Data records -
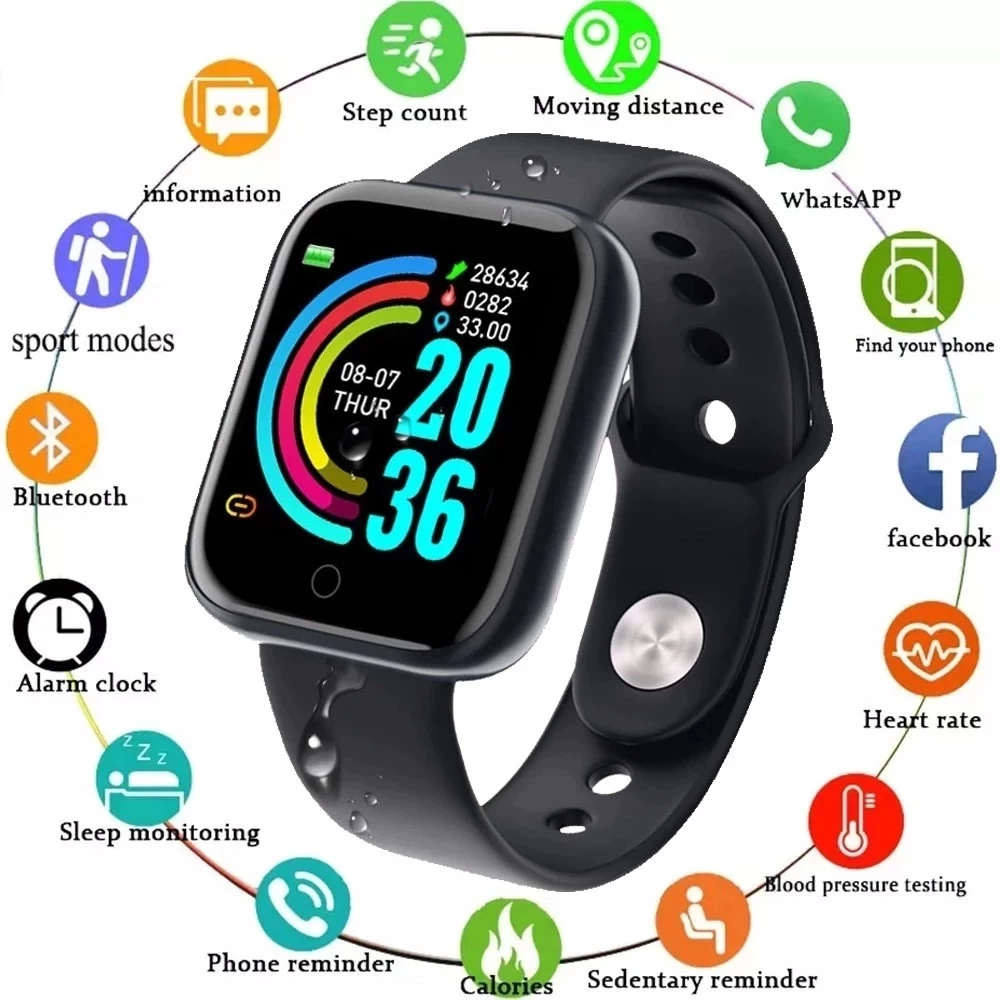 Y68 Smart Watch 2023 multi sport mood fitness Full Touch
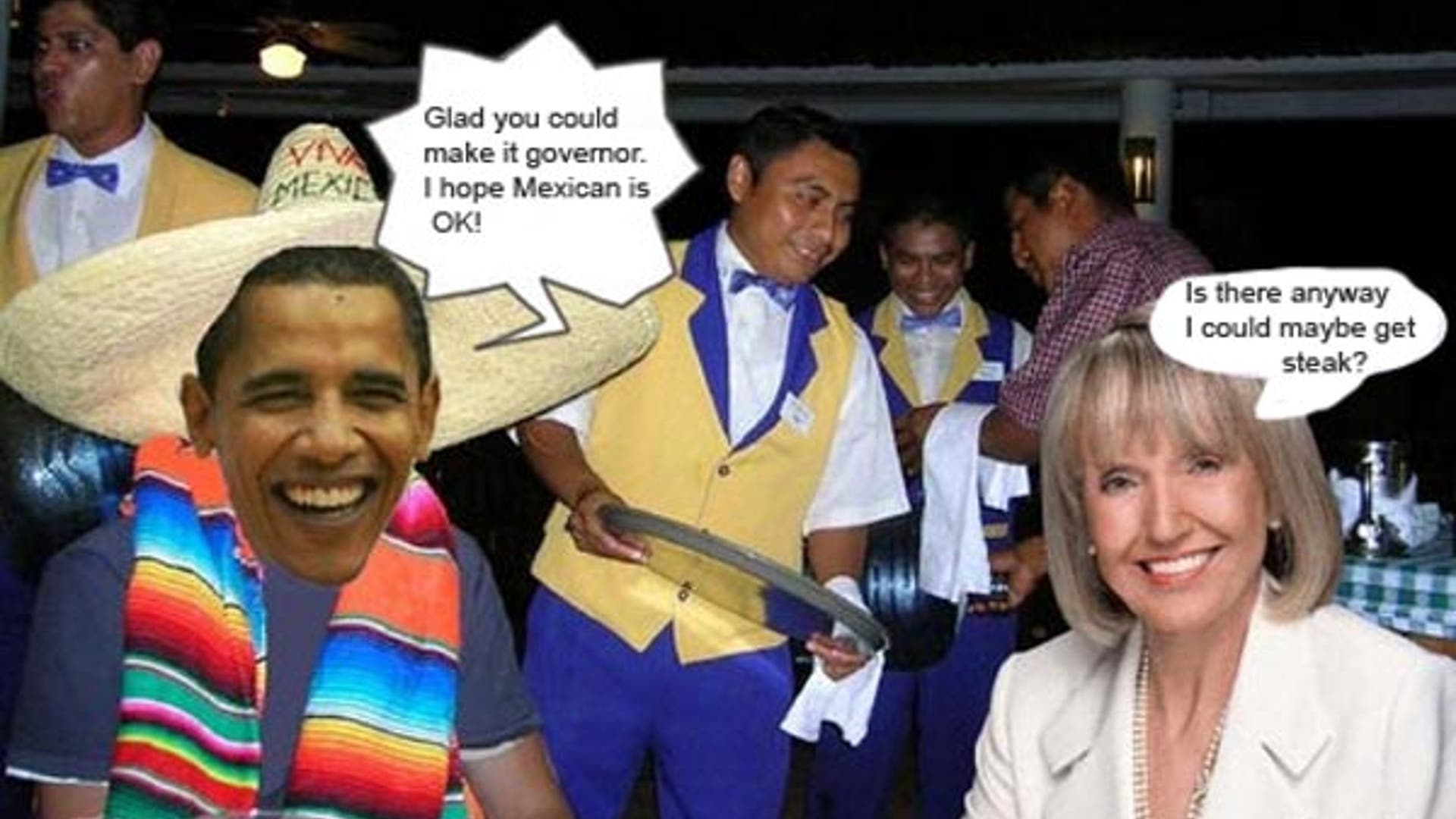 Obama Hosts Brewer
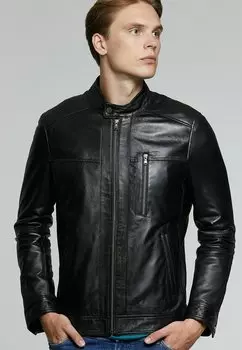 Кожаная куртка Derimod, цвет black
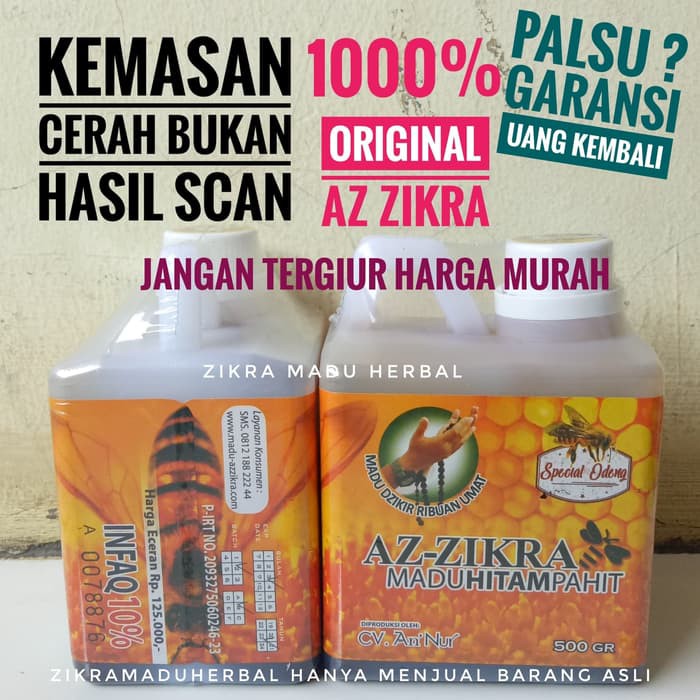 G00d Seller Madu Hitam Pahit Az Zikra Madu Az Zikra Azzikra 500 Gr Terl4ri555 Indonesia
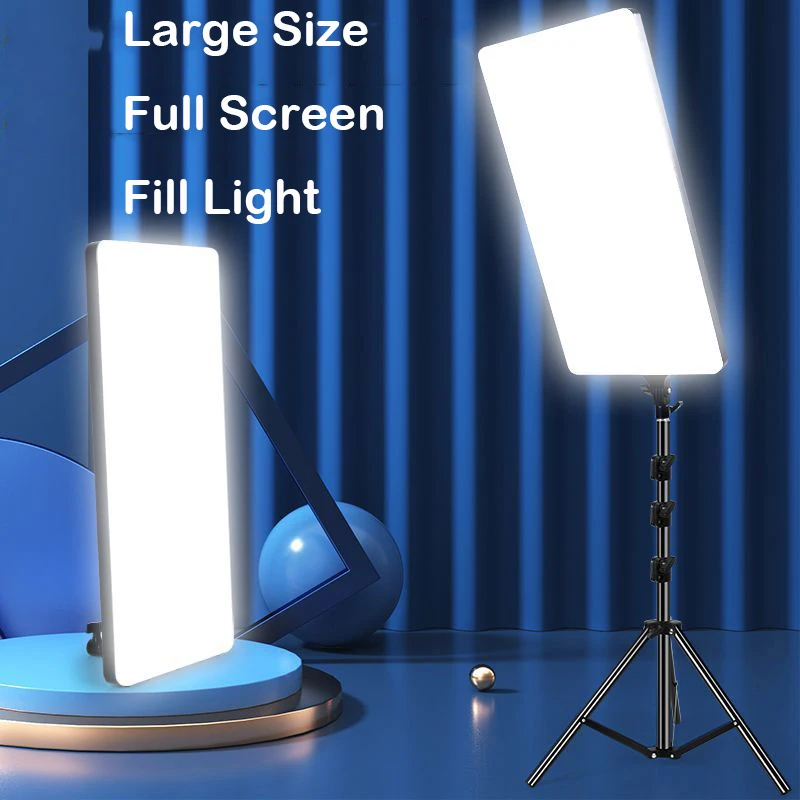 Led Light Panel Stream - ضوء فيديو LED كبير للتصوير الفوتوغرافي،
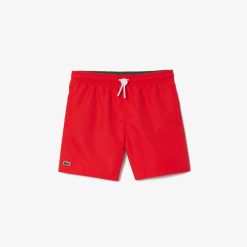 Vetements Garcon | LACOSTE Short De Bain Garcon Uni A Sechage Rapide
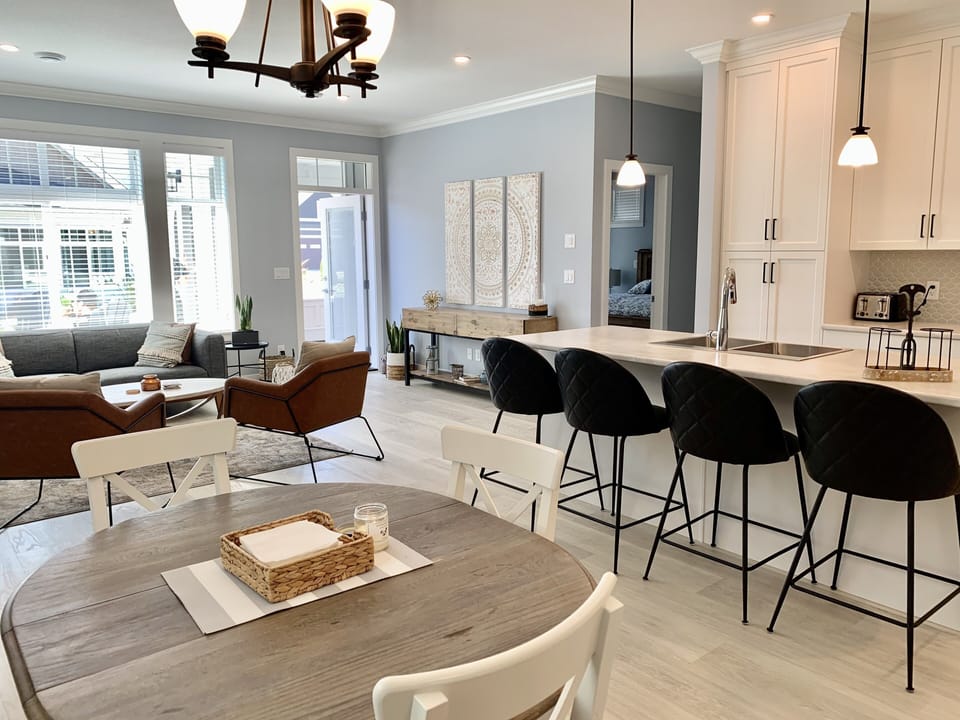 Gorgeous home and open concept living 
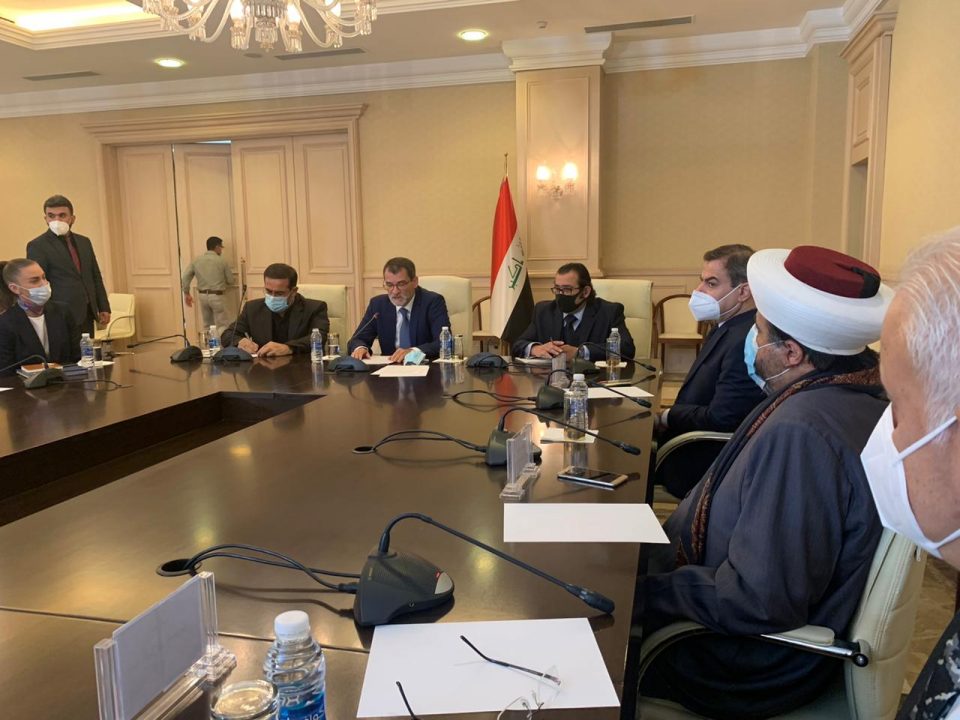 جلسة الاستماع التحضيرية لمؤتمر الحوار الوطني برعاية الاتحاد الاوروبي ومشاركة مركز بغداد الدولي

Required work - Return each entry exactly as given. Leave the images out.

Answer to the exercise -
 Y68 Smart Watch 2023 multi sport mood fitness Full Touch
 Obama Hosts Brewer
 Кожаная куртка Derimod, цвет black
 G00d Seller Madu Hitam Pahit Az Zikra Madu Az Zikra Azzikra 500 Gr Terl4ri555 Indonesia
 Led Light Panel Stream - ضوء فيديو LED كبير للتصوير الفوتوغرافي،
 Vetements Garcon | LACOSTE Short De Bain Garcon Uni A Sechage Rapide
 Gorgeous home and open concept living 
 جلسة الاستماع التحضيرية لمؤتمر الحوار الوطني برعاية الاتحاد الاوروبي ومشاركة مركز بغداد الدولي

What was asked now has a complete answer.